You sound like your voice is breaking a bit!
“My voice has gone – I’ve just finished filming. And I’m mentally and emotionally exhausted.”

Your new series, Family Matters, sees you meeting families with different issues – everything from troublesome teenagers to newly-formed step-families struggling to live in harmony and homes torn apart by affairs…
“There’s such a variety to their stories, so we felt we could really reach out and touch many, many families in Great Britain with this show. We’re helping families that are asking for – and needing – help.”

Are there any particular memorable stories?
“We’ve got a situation where we had a mother who had children with her husband. She left him because she had the courage to come out and say that she was a lesbian, and it’s about how the family can blend with this news and get on. And you have to hope that they’ll take the advice, you hope that they’ll be inspired by what they’ve learnt or heard, and that they feel some sense of relief. I know a lot of them did having this process happen, and had a lot of weight lifted off their shoulders.”

Why did these families come to you?
“These families have lost their way. I feel it will be really helpful for people watching this that they’ll be able to take home the advice that I’m giving and apply it in their own homes.”

Did you ever get emotional while filming?
“There were times when I got overwhelmed. There were times that I was giving advice and I broke down on a few occasions.”

Do you think that’s important?
“I do that with all my families. It’s important to be present, to listen and to be there. I think that’s just who I am as a person. I love my job and I’m really passionate about what I do. I have a lot of empathy. You have to do what you have to do professionally to get them there.”

Did presenting Family Matters bring up new challenges for you?
“It was definitely challenging because it’s something completely different, so I was excited about that.”

And how did it feel being in front of a studio audience?
“It’s different because normally I’d be in their homes and I’d be helping them there, whereas this is giving advice and making it happen.”
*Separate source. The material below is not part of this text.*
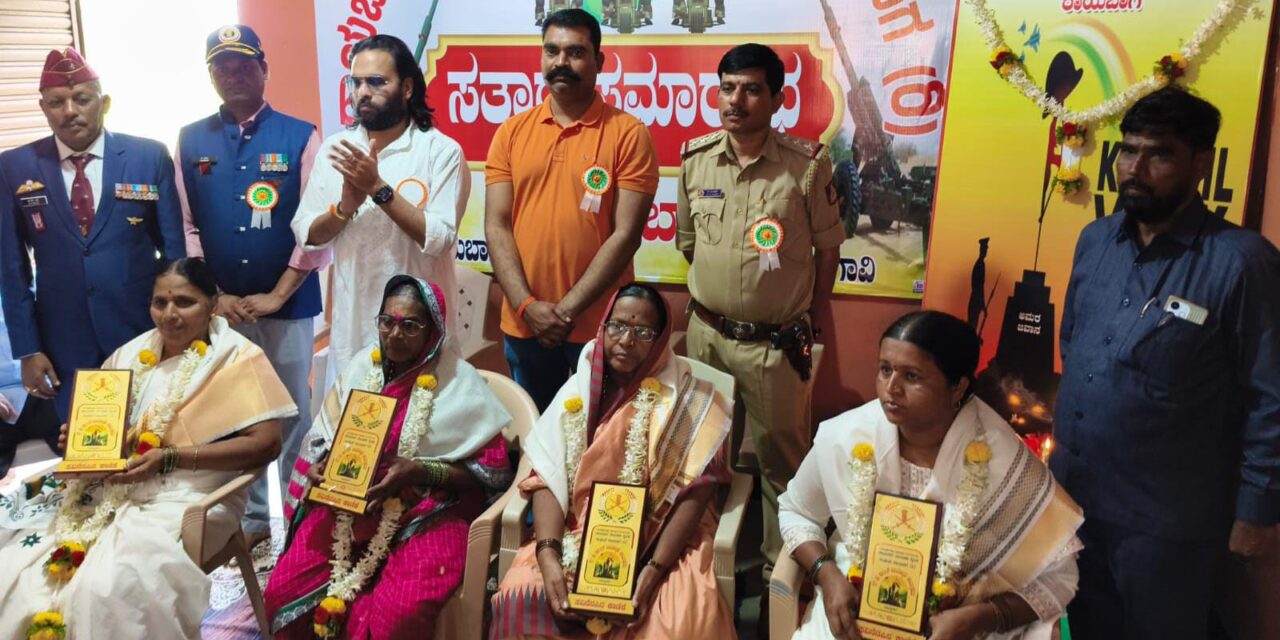 ಕಾರ್ಗಿಲ್ ವೀರರ ತ್ಯಾಗ ದೇಶಕ್ಕೆ ಶಾಶ್ವತ ಪ್ರೇರಣೆ: ಪ್ರಣಯ ಪಾಟೀಲ್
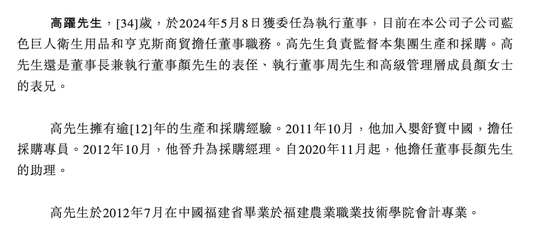 婴舒宝IPO背后的家族色彩 核心高管亲属密集，33岁女婿与表侄跻身管理层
Do you think a lot of these problems are modern issues?
“Let’s look at what’s happening today. We’ve got families in this country hurting. They’ve been under an enormous amount of strain, pressure and stress from the recession and I just don’t feel like we can live in a society where that ripple effect is not felt on the family as a whole. It would be impossible not to.”
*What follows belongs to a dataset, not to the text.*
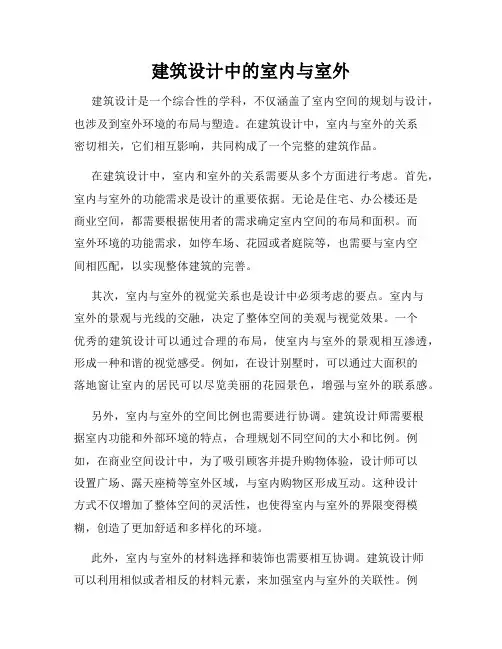 建筑设计中的室内与室外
How do you think this is different to The Jeremy Kyle Show?
“Well, I think people need to watch the show. I don’t think you can compare it at all. They’re just two different shows. Mine is based on my expertise – helping families and going into their homes and seeing how they live their lives at home and mediating through those problems to resolve and come out the other end. Jeremy Kyle’s show is his show, and my show is my show. They’re not the same. We both do our own thing, and people will realise that when they see it.”